Dix-huit dessins pour douze leçons des ténèbres ou un peu plus. Le sujet devient secondaire... écarté  pour qu'il ne reste que des notes, graves ou aigües, des arrêts de  respiration, des personnages-objets regroupés ou livrés à eux-mêmes, un temps suspendu... Des noms et des paroles illisibles, des scènes comme vues par un enfant de 8 ans et mises en mémoire pour un centenaire, neuves et prêtes à servir pour je ne sais quoi... Mais cependant digérées comme dans un ventre, en chaînes, hermétiques sur un fond de secrets,  comme les histoires qui se racontent dans une tête de peintre... Il faudra qu'il en sorte des constats, des transferts entre la création et la créature, la démonstration qu'en matière d'esprit et d'âme, d'alchimie, nous pouvons nous débarrasser du plomb , que notre légèreté tient dans la métaphore... Ce qui est moins désespérant que si nous étions soudés à  nos articulations, comme les bêtes et les bons élèves...  Douze à quinze toiles carrées, peut-être davantage et d'autres dessins ...

3.07.2014

L'INUTILE ...




Sur un bloc-note se suivent des dessins reliés par quelques éléments communs de mise-en-scène. Ils sont de même dimension, faits en vitesse et en série. Ils servent à laisser "passer" des images pendant qu'un songe avec des chanteuses et des musiques de Couperin se cristallise en famille de sensations, mesure des distances entre les détails, poids visuel des choses, de la volée des ombres contre les lumières, du saute-mouton puis des ricochets des formes les unes sur les autres, d'entassements, de températures, d'éclatements de couleurs, d'effacements et d'apparitions de signes.
D'ou vient ce répertoire indifférent aux conventions scolaires et académiques, vouant les entreprises et leurs pédagogues au sérieux des pisses de chien dans les flaques? Un musicien peut musiquer en tapant sur quelque chose.

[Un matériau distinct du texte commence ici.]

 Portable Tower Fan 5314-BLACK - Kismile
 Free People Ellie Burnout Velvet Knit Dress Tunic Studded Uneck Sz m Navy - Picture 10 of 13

Des esclaves vendus aux planteurs chrétiens par des marchands juifs et déportés sur des rafiots chargés "d'ébène", tapaient sur des charrues pendues  dans les hangars avec toutes sortes de ferrailles agricoles; ainsi naquirent métissées de cantiques, de gigues écossaises et de chansons poitevines  les musiques américaines, promises à l'invasion de l'Europe et du monde...  Trois pianistes peuvent "casser du bois" en mettant trois pianos en résonnance... Je me rappelle que dans une forêt marocaine j'ai trouvé un violon au manche de  bambou monté sur une boîte de conserve avec trois cordes en fil d'acier...  Ce droit que les musiciens prennent, de faire du son avec ce qu'ils veulent, n'est pas si répandu en peinture... On s'imagine que le dessin s'apprend comme la mécanique et que les formes des musées sont des réalités en double... Mais rien n'est plus emprunté que les formes : les dessins d'enfants de 1930 ne ressemblent à rien de 1910...  Les travaux de jeunes, les boulots de trentenaires et un peu plus... pèsent le poids de l'époque et de l'esprit grégaire, le surpoids des professeurs, le chargement des camions idéologiques et des bétaillères économiques... "Savoir se vendre"... Or quand nous plongeons dans le social correct, les âmes se meurent et tout ce qui paraissait utile devient absurde, on sourit à la mort de toutes ses dents... C'est que le monde n'est pas aussi clair que la Pub, que la civilisation ressemble à des vols de canards dans la brume... 
Nos fêtes culturelles ont le sérieux des élections de Miss Baisy...  Mais Bernard Palissy brûla ses charpentes et ses parquets pour cuire sa faïence avec le dernier plancher... Tel est le plaisir des hommes et l'effroi des banques.